Check out photos of Friday's Bands
From the start, the top of the bill delivered. Few alternative rock bands are better equipped to present a festival-ready greatest hits set than The Killers, and they did so with aplomb to close out Friday night, accompanied by a serendipitous fireworks display from Great American Ball Park. They incorporated an Interpol cover and covered all the bases, from Hot Fuss to Battle Born, closing with the still-perfect “Mr. Brightside.” deadmau5 was Bunbury’s second flirtation with an EDM headliner, after Empire of the Sun’s multimedia blowout in 2014, but the first with one of the genre’s megastar DJ’s. The Canadian producer performed 80 minutes of thundering, pulsing dance music, perched atop a massive array of lights. The bass could reportedly be heard miles away in Hyde Park, and the low end was certainly boneshaking in the park as he bobbed his glowing “mau5” head to the likes of “Ghosts n’ Stuff” and “The Veldt.”

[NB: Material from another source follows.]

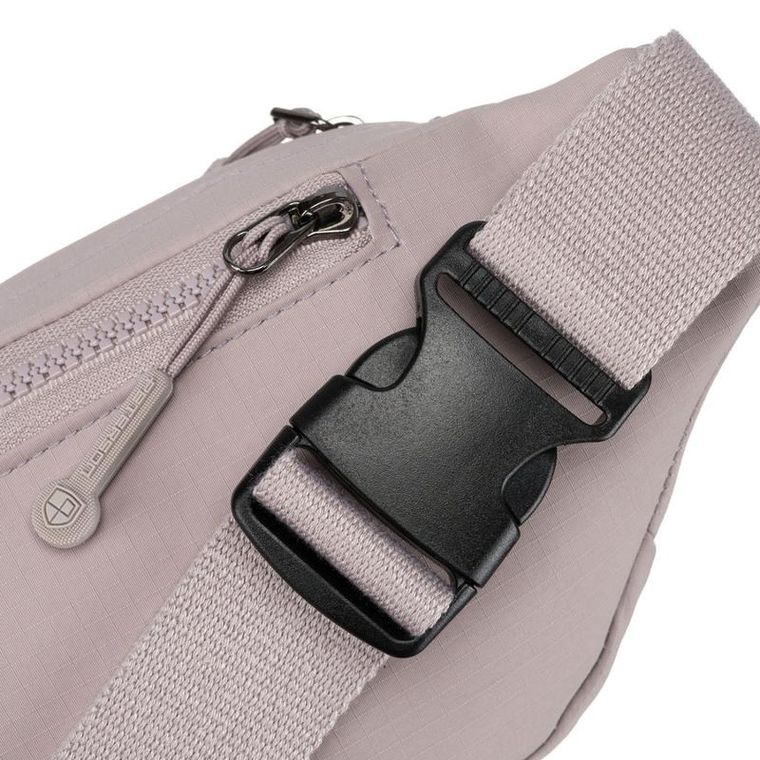 Saszetka na biodro, nerka, fioletowa, Peterson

Check out photos of Saturday's Bands
But no star shined brighter than Florence Welch. Her Sunday night festival-closing set with 11-piece band The Machine will undoubtedly go down as one of the iconic moments in the history of this festival, a powerful, passionate display from a superstar in the making. The crowd, maybe the largest of the weekend, stretched to the back of the Yeatman’s Cove lawn and spilled out into the walkways, and sang along, full-throated, with every word she sang. Welch is a tireless barefoot dynamo onstage, sprinting from one end to another in seconds before appearing almost magically atop the barricade at the soundboard 100 feet away. Her band creates a lush, nuanced backdrop on songs that take their time expanding and drifting in unexpected, dramatic directions. I should point out that Florence + The Machine is the first female-fronted act to close out a day in Bunbury’s history, and over the last year has become the first regular female headliner the modern festival era.

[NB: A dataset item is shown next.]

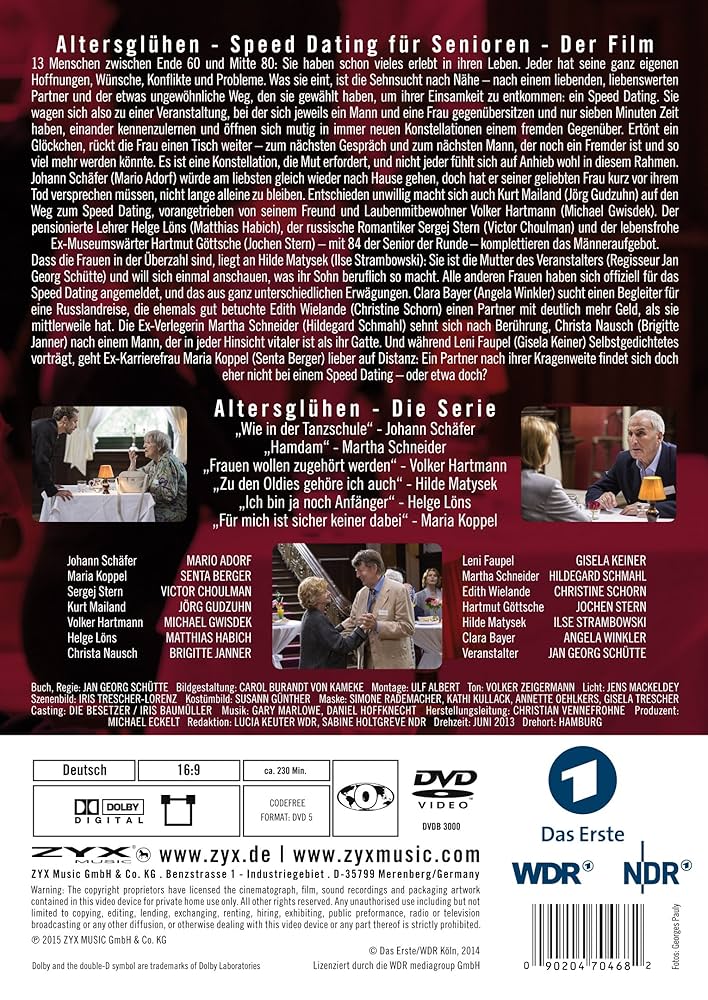 (未使用･未開封品)Altersgluhen - Die Serie [DVD] Amazon.com: Altersglühen-Speed Dating für Senioren-Film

Check out photos of Sunday's bands
On that note, Florence was just part of a positive trend on a lineup with no dearth of women. HAIM’s shimmering throwback sound echoed through the festival grounds as the sun set on Friday, and the Icelandic group Of Monsters and Men drew a colossal crowd to the Yeatman’s Cove stage on Sunday. The latter made impressive display of their accomplished folk-pop (with almost as many nautical references as Florence), punctuated by their 2012 megahit “Little Talks,” but also featuring heavier material such as the pounding opener “Thousand Eyes.” Canadian singer and producer Grimes put on one of the highest-energy (and most joyful) performances of the weekend, highlighting work from last year’s masterwork Art Angels. Accompanied by multi-instrumentalist HANA and two kinetic backup dancers, she stormed through an hours’ worth of fanged, brilliant pop music, triggering most of the samples and beats herself on an array of equipment before leaping back to join the fray at the front of the stage. Los Angeles upstart Elle King, who grew up southeast of Columbus, brought her accomplished (if monochromatic) songs of drinkin’ and heartbreak to the Sawyer Point field, wrapping her Janis Joplin rasp around a couple of choice covers before launching last year’s top-ten hit “Ex’s and Oh’s.”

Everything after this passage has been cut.